Cass. 3e civ. 16-11-2017 n° 16-23.685 F-D

I. LES FAITS

Trois kinésithérapeutes sont associés d’une SCI (société civile immobilière) et d’une SCM (société civile de moyens). L’un deux, qui était gérant des deux sociétés, voit son mandat de gérant expirer.

La mésentente entre les associés conduit l’un des associés à solliciter la désignation d’un administrateur provisoire afin que celui-ci représente lesdites sociétés dans les procédures de dissolution qu’il entend engager pour mésentente.

 

II. LA PROCEDURE

La Cour d’appel confirme l’ordonnance désignant un administrateur provisoire en considérant que l’absence de gérant constitue un dysfonctionnement grave, la mésentente étant au surplus confirmée par l’administrateur désigné.

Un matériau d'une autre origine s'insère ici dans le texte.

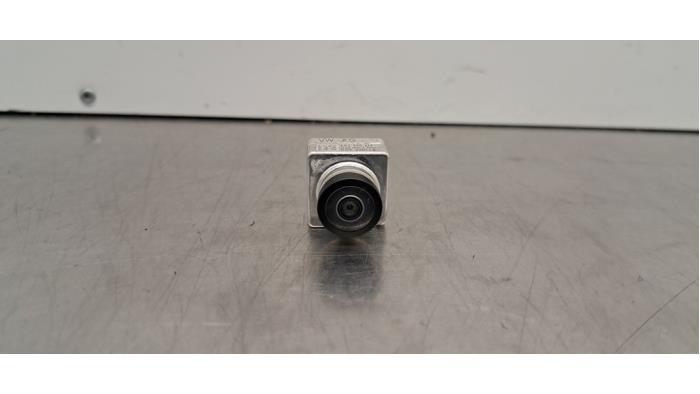 Atbulinės eigos kamera Audi E-Tron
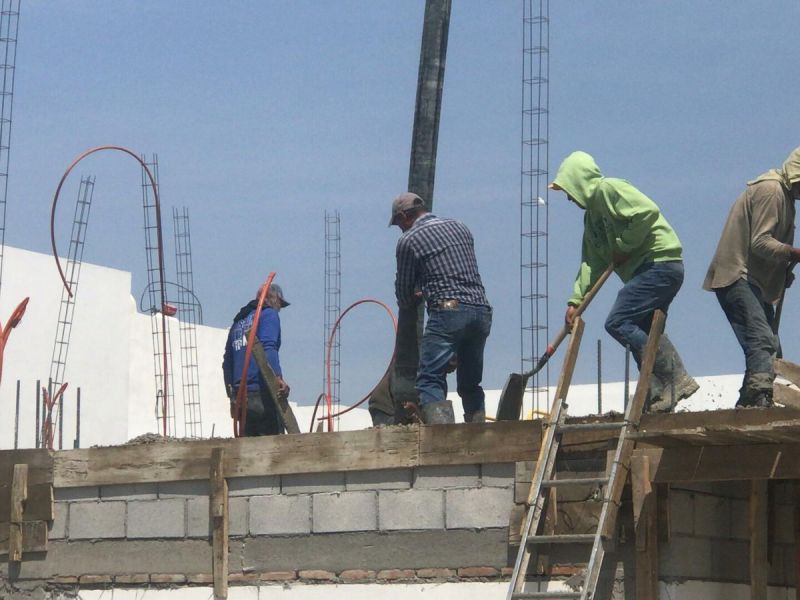 Alertan por riesgos para obreros ante primeras olas de calor en Tamaulipas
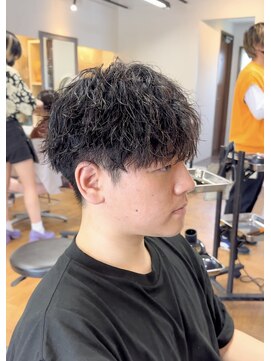 グート ヘアーメイク(gut HAIR MAKE) メンズ 攻めすぎないツイストスパイラルパーマ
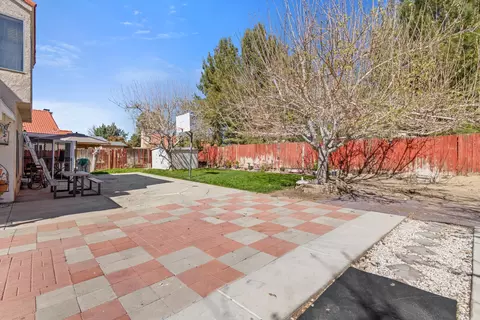 Exterior - 37350 E 42nd St, Palmdale, CA 93552 photo 4 of 6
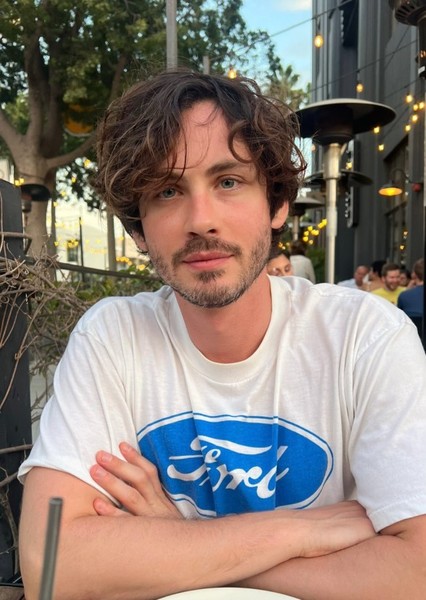 Logan Lerman photo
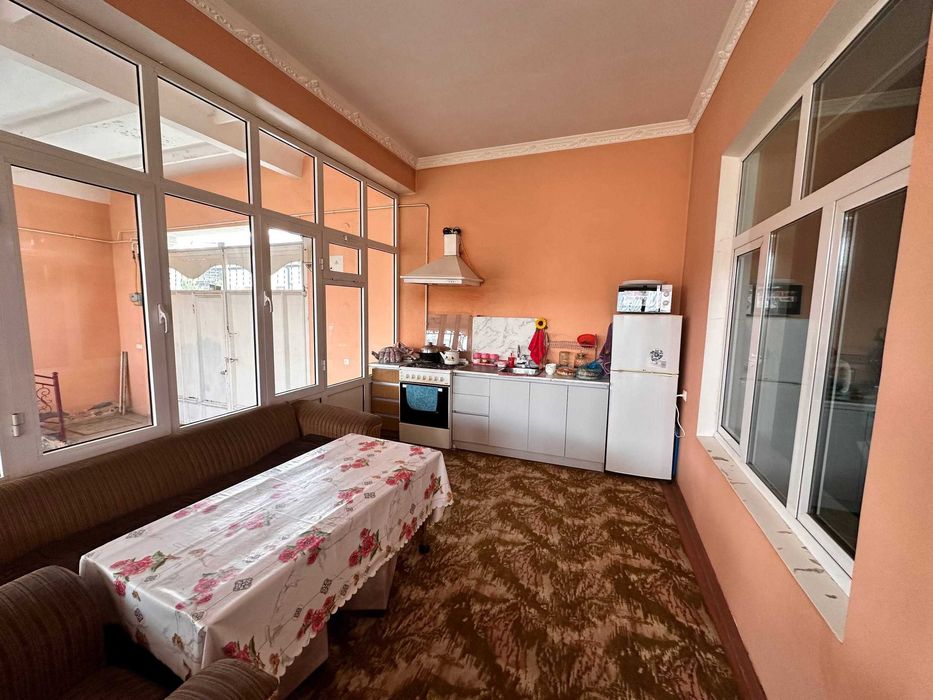 Қиргулида 8 сотикли ховли уй сотилади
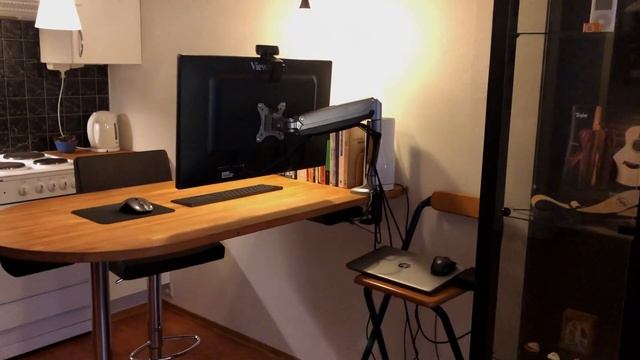 Mac Mini (2018) Mounted Under Table and New Monitor ViewSonic 27" VA2719-2K. смотреть онлайн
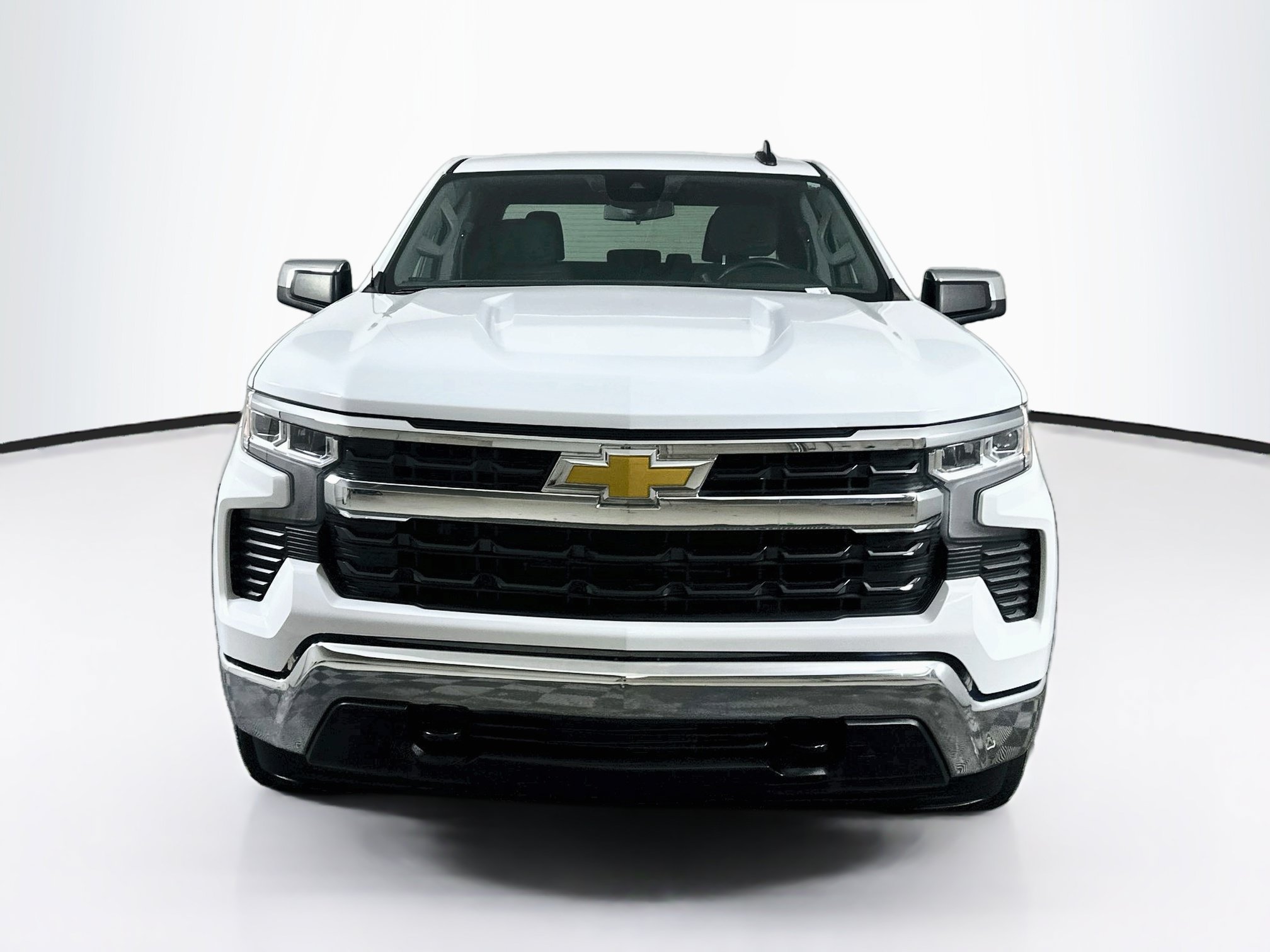 Used 2024 Chevrolet Silverado 1500 LT AWD/4WD image 2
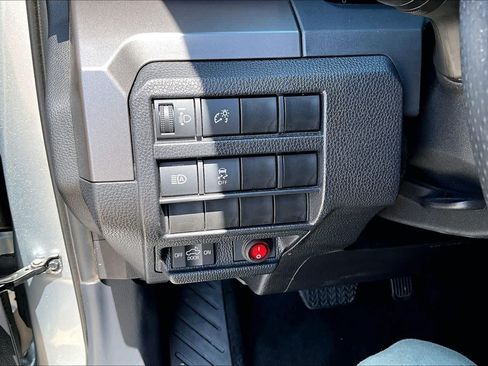 Used 2024 Toyota Tacoma TRD Off-Road AWD/4WD image 27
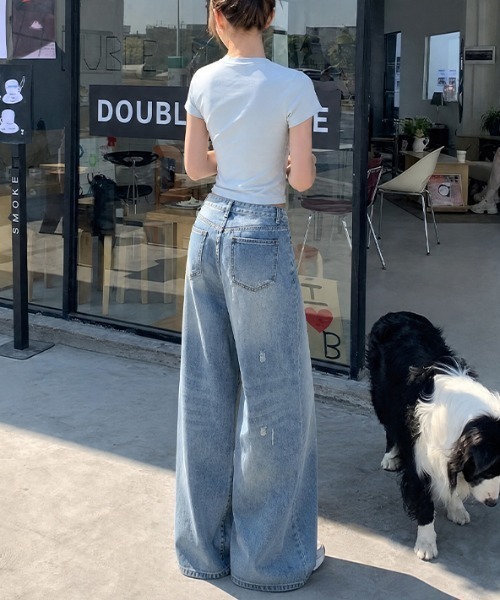 AMAJI（アマジ）の「ウォッシュド クラッシュ加工 ワイドデニムパンツ（デニムパンツ・レディース・ライトブルー・SMALL/MEDIUM/LARGE/X-LARGE）」の3枚目の写真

Dans son arrêt en date du 16 novembre 2011, la Cour de cassation censure l’arrêt de la Cour d’appel au motif qu’elle aurait dû rechercher si la société ne fonctionnait pas sans difficulté en dépit de l’absence de gérant.

 

III. LA SOLUTION

La solution de la Cour de cassation paraît logique.

Il est constant en effet que la désignation d’un administrateur provisoire chargé de représenter une société, qui est une mesure exceptionnelle, est conditionnée par la démonstration de deux conditions cumulatives :

  • L’existence d’un péril imminent ;
  • L’absence de fonctionnement normal de la société.

(Cass. com., 6 févr. 2007, n° 05-10.008 ; Cass. com., 25 janv. 2005, n° 00-22.457).

En l’espèce la seule absence de représentant légal ne suffisait pas à démontrer que ces conditions étaient réunies.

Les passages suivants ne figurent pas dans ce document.